Robert Breer in UbuWeb Film
Film Culture in UbuWeb Papers
Presented in partnership with Anthology Film Archives
Robert Breer was born in Detroit in 1926. From 1943 to 1946, he studied art at Stanford University in California and won its annual painting prize in 1949. That year, he left for Europe, settled in Paris and for the next ten years participated in group and one-man shows in France, Italy, Germany, Belgium, Sweden, England, U.S. and Cuba. Since 1959, he has been living in Palisades, N .Y., and now devotes most of his time to making films.
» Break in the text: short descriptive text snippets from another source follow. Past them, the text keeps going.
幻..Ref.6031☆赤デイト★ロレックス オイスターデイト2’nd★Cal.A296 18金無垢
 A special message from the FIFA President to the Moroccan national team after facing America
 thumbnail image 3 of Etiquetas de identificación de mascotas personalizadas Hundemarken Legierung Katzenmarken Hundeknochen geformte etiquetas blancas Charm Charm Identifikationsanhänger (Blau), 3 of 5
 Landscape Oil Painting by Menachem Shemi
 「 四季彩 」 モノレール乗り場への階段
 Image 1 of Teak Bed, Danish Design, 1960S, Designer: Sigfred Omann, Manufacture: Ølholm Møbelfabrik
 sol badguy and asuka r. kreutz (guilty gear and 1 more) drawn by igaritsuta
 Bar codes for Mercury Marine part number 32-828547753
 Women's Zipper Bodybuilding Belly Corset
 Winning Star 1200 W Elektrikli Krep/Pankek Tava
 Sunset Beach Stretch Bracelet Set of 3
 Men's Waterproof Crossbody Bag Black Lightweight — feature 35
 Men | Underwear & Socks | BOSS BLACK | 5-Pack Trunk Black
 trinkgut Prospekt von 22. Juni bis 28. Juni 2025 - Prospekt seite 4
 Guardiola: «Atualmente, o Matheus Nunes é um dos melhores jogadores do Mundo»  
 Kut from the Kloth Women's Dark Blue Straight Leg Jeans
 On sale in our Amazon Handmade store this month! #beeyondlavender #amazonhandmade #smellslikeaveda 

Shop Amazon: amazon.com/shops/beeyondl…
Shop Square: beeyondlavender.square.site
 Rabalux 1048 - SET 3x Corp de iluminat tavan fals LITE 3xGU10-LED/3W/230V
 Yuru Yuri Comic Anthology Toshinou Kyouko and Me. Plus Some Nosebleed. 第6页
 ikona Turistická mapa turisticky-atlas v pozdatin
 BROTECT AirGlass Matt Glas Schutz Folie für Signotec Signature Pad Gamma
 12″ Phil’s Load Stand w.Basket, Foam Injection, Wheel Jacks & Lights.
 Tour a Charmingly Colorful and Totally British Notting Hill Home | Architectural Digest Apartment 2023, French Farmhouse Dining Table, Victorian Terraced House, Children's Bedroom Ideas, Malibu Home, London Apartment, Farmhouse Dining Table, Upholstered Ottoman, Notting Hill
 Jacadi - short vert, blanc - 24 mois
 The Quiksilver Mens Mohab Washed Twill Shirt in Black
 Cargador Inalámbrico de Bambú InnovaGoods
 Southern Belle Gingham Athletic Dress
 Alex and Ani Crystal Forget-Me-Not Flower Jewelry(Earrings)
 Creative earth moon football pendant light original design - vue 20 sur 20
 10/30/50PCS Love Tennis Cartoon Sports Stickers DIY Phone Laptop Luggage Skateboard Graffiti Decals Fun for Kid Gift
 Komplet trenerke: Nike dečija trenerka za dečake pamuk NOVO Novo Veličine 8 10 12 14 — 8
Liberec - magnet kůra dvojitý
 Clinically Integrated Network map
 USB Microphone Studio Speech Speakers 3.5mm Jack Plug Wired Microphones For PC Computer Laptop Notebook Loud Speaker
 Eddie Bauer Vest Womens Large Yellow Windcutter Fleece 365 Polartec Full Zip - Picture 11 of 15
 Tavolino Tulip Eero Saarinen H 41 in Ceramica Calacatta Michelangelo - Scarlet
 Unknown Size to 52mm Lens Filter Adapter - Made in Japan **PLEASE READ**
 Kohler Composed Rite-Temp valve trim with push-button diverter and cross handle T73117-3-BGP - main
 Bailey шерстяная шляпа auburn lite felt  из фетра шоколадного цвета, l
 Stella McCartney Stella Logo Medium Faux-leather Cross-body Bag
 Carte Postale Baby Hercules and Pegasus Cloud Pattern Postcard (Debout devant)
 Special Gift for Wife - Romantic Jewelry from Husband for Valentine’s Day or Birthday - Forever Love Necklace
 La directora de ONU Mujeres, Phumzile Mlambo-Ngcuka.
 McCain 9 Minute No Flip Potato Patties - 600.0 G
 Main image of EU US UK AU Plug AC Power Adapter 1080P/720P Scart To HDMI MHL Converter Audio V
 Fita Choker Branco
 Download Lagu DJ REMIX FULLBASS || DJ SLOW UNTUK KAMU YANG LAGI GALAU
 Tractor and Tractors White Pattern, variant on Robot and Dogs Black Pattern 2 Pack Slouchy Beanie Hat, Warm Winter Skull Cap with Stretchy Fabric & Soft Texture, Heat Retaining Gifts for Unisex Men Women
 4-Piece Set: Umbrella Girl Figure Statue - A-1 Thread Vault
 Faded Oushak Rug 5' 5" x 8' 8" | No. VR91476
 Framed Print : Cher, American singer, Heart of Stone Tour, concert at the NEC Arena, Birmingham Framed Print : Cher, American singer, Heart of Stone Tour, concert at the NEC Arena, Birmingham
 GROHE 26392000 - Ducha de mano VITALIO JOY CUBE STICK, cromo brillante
His work has received awards from the Creative Film Foundation and the Bergamo Film Festival, and A MAN AND HIS DOG OUT FOR AIR ran for several months at the Carnegie Cinema, New York, with Resnais' L'ANNEE DERNIERE A MARIENBAD. The following interview was recorded during the 1962 Montreal International Film Festival, and is published here with acknowledgments to "Obiectii, the Montreal critical review where it first appeared.
COTE: How did you get involved with films in the first place?
BREER: First, I was a painter. In Paris, I was influenced by the geometric abstractions of the neo-plasticians, following Mondrian and Kandinsky. It was big at the time, and I began painting that way. My canvasses were limited to three or four forms, each one hard-edged and having its own definite color. It was a rather severe kind of abstraction, but already in certain ways I had begun to give my work a dynamic element which showed that I was not entirely at home within the strict limits of neo-plasticism. Also, the notion of absolute formal values seemed at odds with the number of variations I could develop around a single theme and I became interested in change itself and finally in cinema as a means of exploring this further. I wanted to see if I could positively control a range of variations in a single composition. You can see that I sort of backed into cinema since my main concern was with static forms. In fact, I was even a bit annoyed at first when I ran into problems of movement.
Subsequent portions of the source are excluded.